Let $X$ be a subset of $\R$.

The set:

$\leftset {x \in X: x}$ is local minimum in $\rightset X$

is countable.


Proof

Define:

$Y := \leftset {x \in X: x}$ is local minimum in $\rightset X$

By definition of $Y$ and definition of local minimum in set:

$\forall x \in Y: \exists y \in \R: y < x \land \openint y x \cap X = \O$

By the Axiom of Choice, define a mapping $f: Y \to \powerset \R$ as:

$\forall x \in Y: \exists y \in \R: \map f x = \openint y x \land y < x \land \map f x \cap X = \O$

We will prove that $f$ is an injection by definition:

Let $x_1, x_2 \in Y$ such that

$\map f {x_1} = \map f {x_2}$

By definition of $f$:

$\exists y_1 \in \R: \map f {x_1} = \openint {y_1} {x_1} \land y_1 < x_1 \land \map f {x_1} \cap X = \O$

and:

$\exists y_2 \in \R: \map f {x_2} = \openint {y_2} {x_2} \land y_2 < x_2 \land \map f {x_2} \cap X = \O$

Then:

$\openint {y_1} {x_1} = \openint {y_2} {x_2}$

Thus $x_1 = x_2$.

This ends the proof of injection.


By Cardinality of Image of Injection:

$(1): \quad \card Y = \card {\map {f^\to} Y} = \card {\Img f}$

where

$\card Y$ denotes the cardinality of $Y$,
$\map {f^\to} Y$ denotes the image of $Y$ under $f$,
$\Img f$ denotes the image of $f$.

We will prove that $\Img f$ is pairwise disjoint by definition.

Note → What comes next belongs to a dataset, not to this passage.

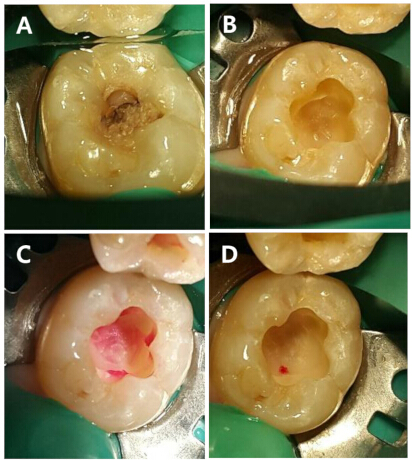 Assessment-Based Pulp And Dentin Removal Protocols For Vital Pulp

Let $A, B \in \Img f$ such that

$A \ne B$.

Then by definition of image:

$\exists x_1 \in Y: \map f {x_1} = A$

and

$\exists x_2 \in Y: \map f {x_2} = B$.

By difference of $A$ and $B$:

$x_1 \ne x_2$

By definition of $f$:

$\exists y_1 \in \R: \map f {x_1} = \openint {y_1} {x_1} \land y_1 < x_1 \land \map f {x_1} \cap X = \O$

and:

$\exists y_2 \in \R: \map f {x_2} = \openint {y_2} {x_2} \land y_2 < x_2 \land \map f {x_2} \cap X = \O$

Aiming at contradiction suppose that

$A \cap B \ne \O$.

$x_1 < x_2$ or $x_1 > x_2$.

In case when $x_1 < x_2$, $x_1 \in \map f {x_2}$ what contradicts with $\map f {x_2} \cap X = \O$.

In case when $x_1 > x_2$, analogically.

This ends the proof that $\Img f$ is pairwise disjoint.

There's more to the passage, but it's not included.